Each indicator is normalized within units according to one among the following normalisation methods:
0) no normalisation:
$$y^*_{i,t,k}=y_{i,t,k}$$
1) centering:
$$y^*_{i,t,k}=y_{i,t,k}-\bar{y}_{i,k}$$
2) standardization:
$$y^*_{i,t,k}=\frac{y_{i,t,k}-\bar{y}_{i,k}}{s_{i,k}}$$
3) ratio to the mean:
$$y^*_{i,t,k}=\frac{y_{i,t,k}}{\bar{y}_{i,k}}$$
4) logarithmic ratio to the mean:
$$y^*_{i,t,k}=\log\left(\frac{y_{i,t,k}}{\bar{y}_{i,k}}\right)\approx\frac{y_{i,t,k}-\bar{y}_{i,k}}{\bar{y}_{i,k}}$$
Normalisation is required if the trajectories have different levels across units. When indicators have different scales of measurement, standardization is needed to compare the measurements of different indicators. Ratio to the mean and logaritmic ratio to the mean allow comparisons among different indicators as well, but they can be applied only in case of strictly positive measurements.
Denote the hypothesized groups as \(j=1,\ldots,J\) and let \(G_i\) be a latent variable taking value \(j\) if unit \(i\) belongs to group \(j\).
A group-based multivariate trajectory model with polynomial degree \(d\) is defined as:
$$\mbox{y}^*_{i,t}\mid G_i=j\sim\mbox{MVN}\left(\mu_j,\Sigma_j\right)\hspace{.9cm}j=1,\ldots,J$$
$$\mu_j=\mbox{B}_j'\left(1,t,t^2,\ldots,t^d\right)'$$
where \(\mbox{B}_j\) is the \((d+1)\times K\) matrix of regression coefficients in group \(j\), and \(\Sigma_j\) is the \(K \times K\) covariance matrix of the indicators in group \(j\).
The likelihood of the model is:
$$\mathcal{L}(\mbox{B}_1,\ldots,\mbox{B}_J,\Sigma_1,\ldots,\Sigma_J,\pi_1,\ldots,\pi_J)=\prod_{i=1}^n\left[\sum_{j=1}^J\pi_j \prod_{t=1}^T\phi(\mbox{y}^*_{i,t}\mid \mbox{B}_j,\Sigma_j)\right]$$
where \(\phi(\mbox{y}^*_{i,t}\mid \mbox{B}_j,\Sigma_j)\) is the multivariate Normal density of \(\mbox{y}^*_{i,t}\) in group \(j\), and \(\pi_j\) is the prior probability of group \(j\).

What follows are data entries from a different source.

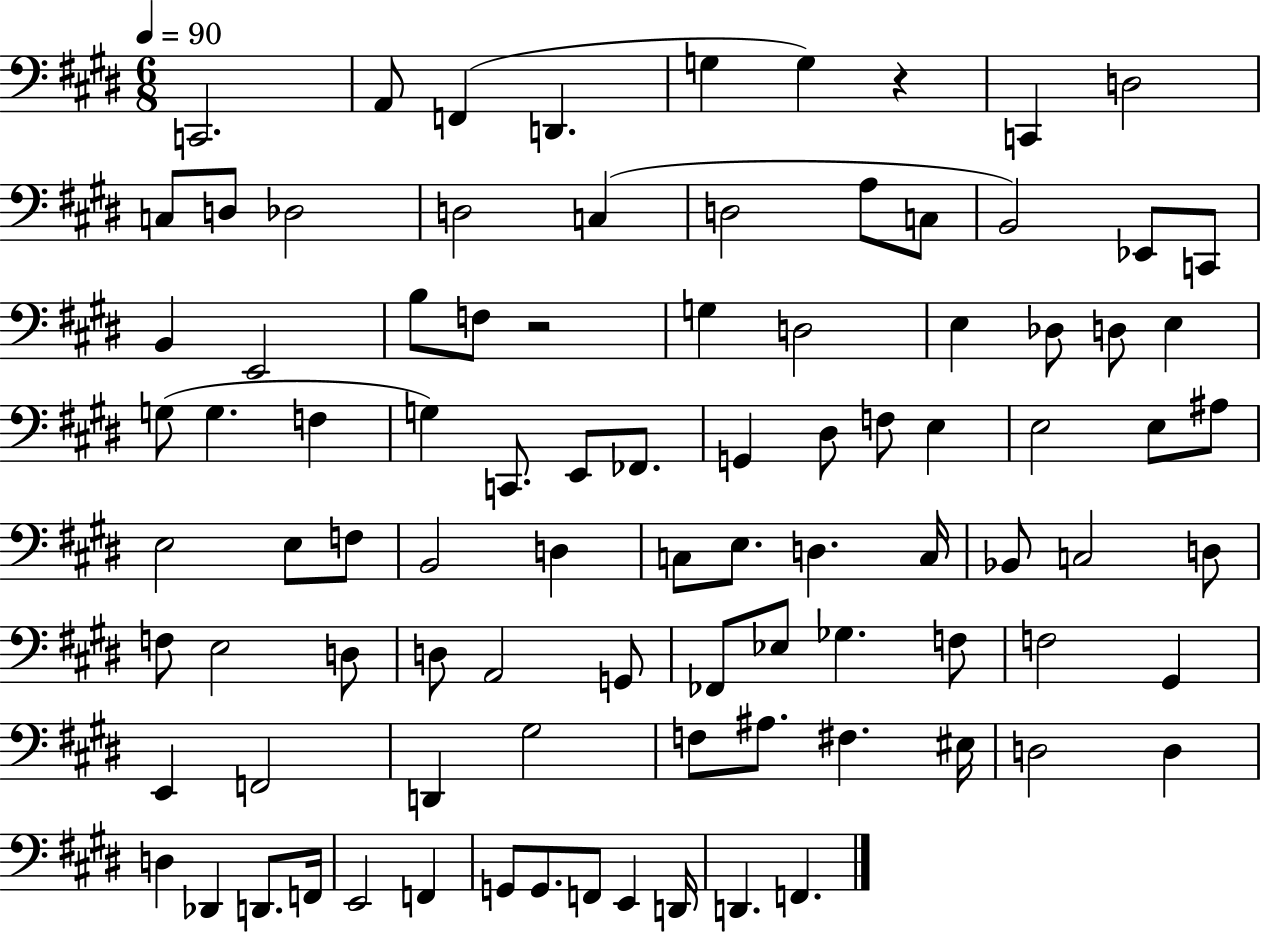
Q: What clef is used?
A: bass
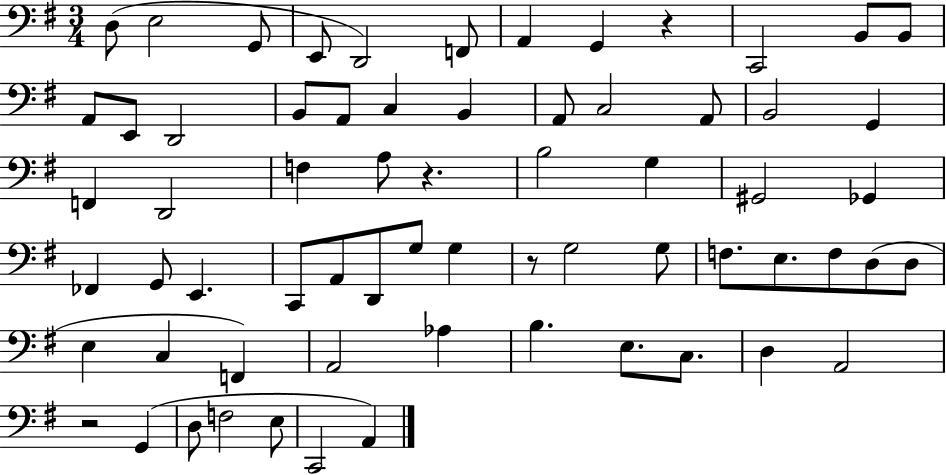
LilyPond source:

{
  \clef bass
  \numericTimeSignature
  \time 3/4
  \key g \major
  \repeat volta 2 { d8( e2 g,8 | e,8 d,2) f,8 | a,4 g,4 r4 | c,2 b,8 b,8 | \break a,8 e,8 d,2 | b,8 a,8 c4 b,4 | a,8 c2 a,8 | b,2 g,4 | \break f,4 d,2 | f4 a8 r4. | b2 g4 | gis,2 ges,4 | \break fes,4 g,8 e,4. | c,8 a,8 d,8 g8 g4 | r8 g2 g8 | f8. e8. f8 d8( d8 | \break e4 c4 f,4) | a,2 aes4 | b4. e8. c8. | d4 a,2 | \break r2 g,4( | d8 f2 e8 | c,2 a,4) | } \bar "|."
}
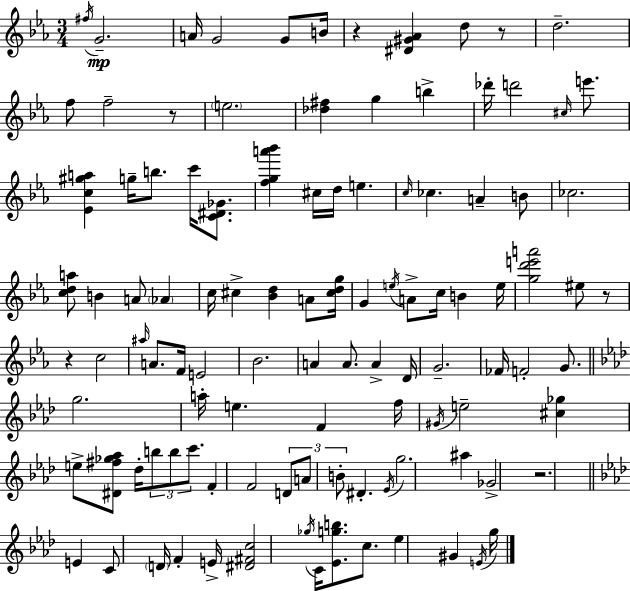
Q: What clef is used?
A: treble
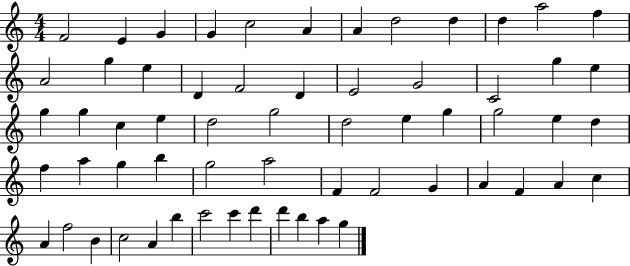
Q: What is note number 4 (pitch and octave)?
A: G4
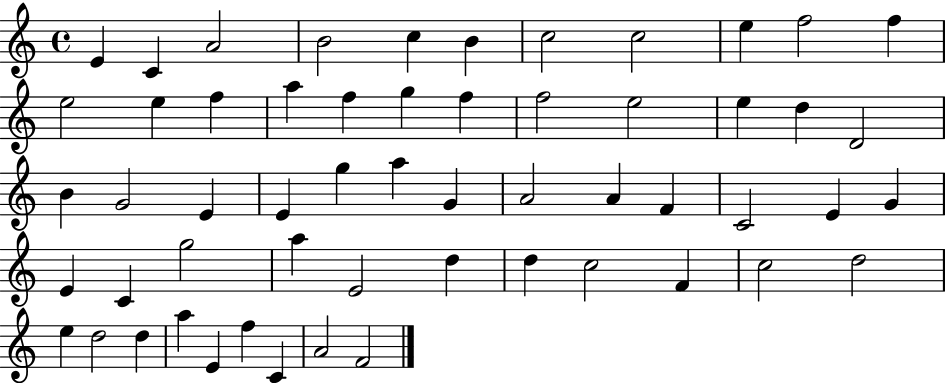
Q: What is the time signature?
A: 4/4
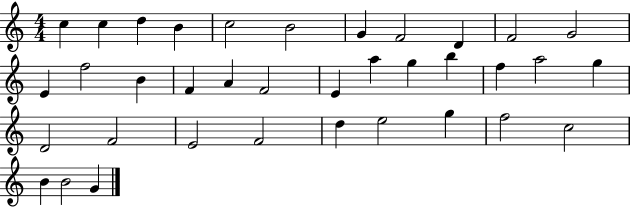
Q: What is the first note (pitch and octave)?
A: C5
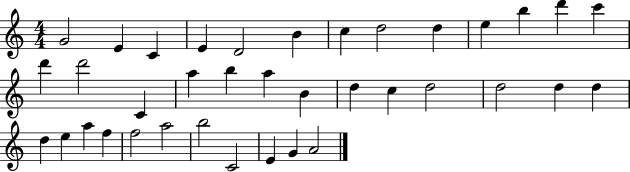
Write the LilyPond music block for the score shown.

{
  \clef treble
  \numericTimeSignature
  \time 4/4
  \key c \major
  g'2 e'4 c'4 | e'4 d'2 b'4 | c''4 d''2 d''4 | e''4 b''4 d'''4 c'''4 | \break d'''4 d'''2 c'4 | a''4 b''4 a''4 b'4 | d''4 c''4 d''2 | d''2 d''4 d''4 | \break d''4 e''4 a''4 f''4 | f''2 a''2 | b''2 c'2 | e'4 g'4 a'2 | \break \bar "|."
}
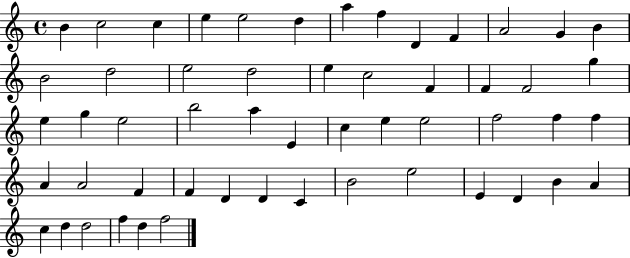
{
  \clef treble
  \time 4/4
  \defaultTimeSignature
  \key c \major
  b'4 c''2 c''4 | e''4 e''2 d''4 | a''4 f''4 d'4 f'4 | a'2 g'4 b'4 | \break b'2 d''2 | e''2 d''2 | e''4 c''2 f'4 | f'4 f'2 g''4 | \break e''4 g''4 e''2 | b''2 a''4 e'4 | c''4 e''4 e''2 | f''2 f''4 f''4 | \break a'4 a'2 f'4 | f'4 d'4 d'4 c'4 | b'2 e''2 | e'4 d'4 b'4 a'4 | \break c''4 d''4 d''2 | f''4 d''4 f''2 | \bar "|."
}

The posterior probability of group \(j\) for unit \(i\) is computed as:
$$\mbox{Pr}(G_i=j\mid \mbox{y}^*_i)\equiv\pi_{i,j}=\frac{\widehat{\pi}_j \prod_{t=1}^{T}\phi(\mbox{y}^*_{i,t}\mid \widehat{\mbox{B}}_j,\widehat{\Sigma}_j)}{\sum_{j=1}^J\widehat{\pi}_j \prod_{t=1}^{T}\phi(\mbox{y}^*_{i,t}\mid \widehat{\mbox{B}}_j,\widehat{\Sigma}_j)}$$
where the hat symbol above a parameter denotes the estimated value for that parameter.
See the vignette of the package and Magrini (2022) for details on maximum likelihood estimation through the EM algorithm.
S3 methods available for class gbmt include:
print: to see the estimated regression coefficients for each group;
summary: to obtain the summary of the linear regressions (a list with one component for each group and each indicator);
plot: to display estimated and predicted trajectories. See plot.gbmt for details;
coef: to see the estimated coefficients (a list with one component for each group);
fitted: to obtain the fitted values, equating to the estimated group trajectories (a list with one component for each group);
residuals: to obtain the residuals (a list with one component for each group);
predict: to perform prediction on trajectories. See predict.gbmt for details.
logLik: to get the log likelihood;
AIC, extractAIC: to get the Akaike information criterion;
BIC: to get the Bayesian information criterion.